(Beginning of Dataset excerpts)
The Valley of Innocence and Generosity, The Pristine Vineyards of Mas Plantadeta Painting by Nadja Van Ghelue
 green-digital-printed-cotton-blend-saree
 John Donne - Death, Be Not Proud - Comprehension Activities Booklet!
(End of Dataset excerpts)
(Beginning of Dataset excerpts)
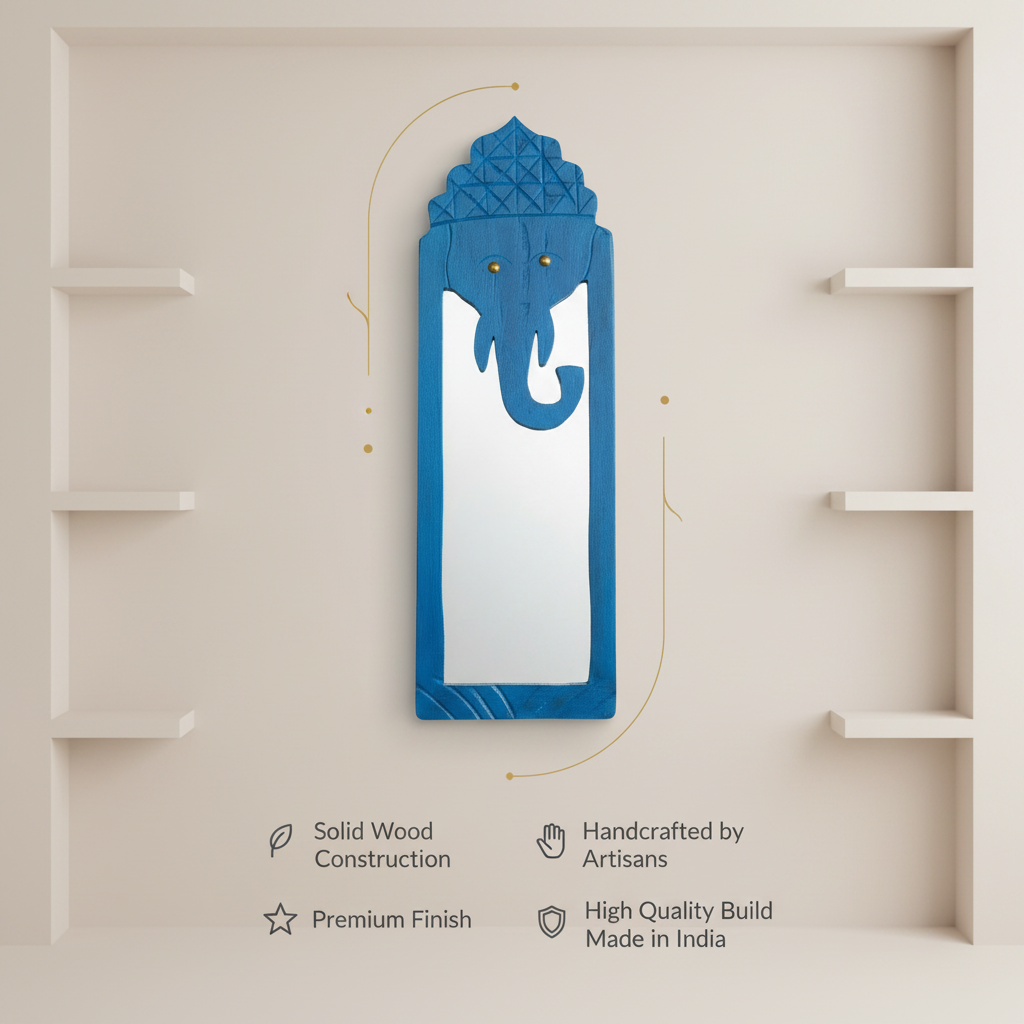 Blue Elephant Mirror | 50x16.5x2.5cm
(End of Dataset excerpts)
Aim of the exercise
Retype exactly, and only, the lines above from the one where "green-digital-printed-cotton-blend-saree" occurs up to and including the one where "John Donne - Death, Be" occurs.

Response for this exercise
 green-digital-printed-cotton-blend-saree
 John Donne - Death, Be Not Proud - Comprehension Activities Booklet!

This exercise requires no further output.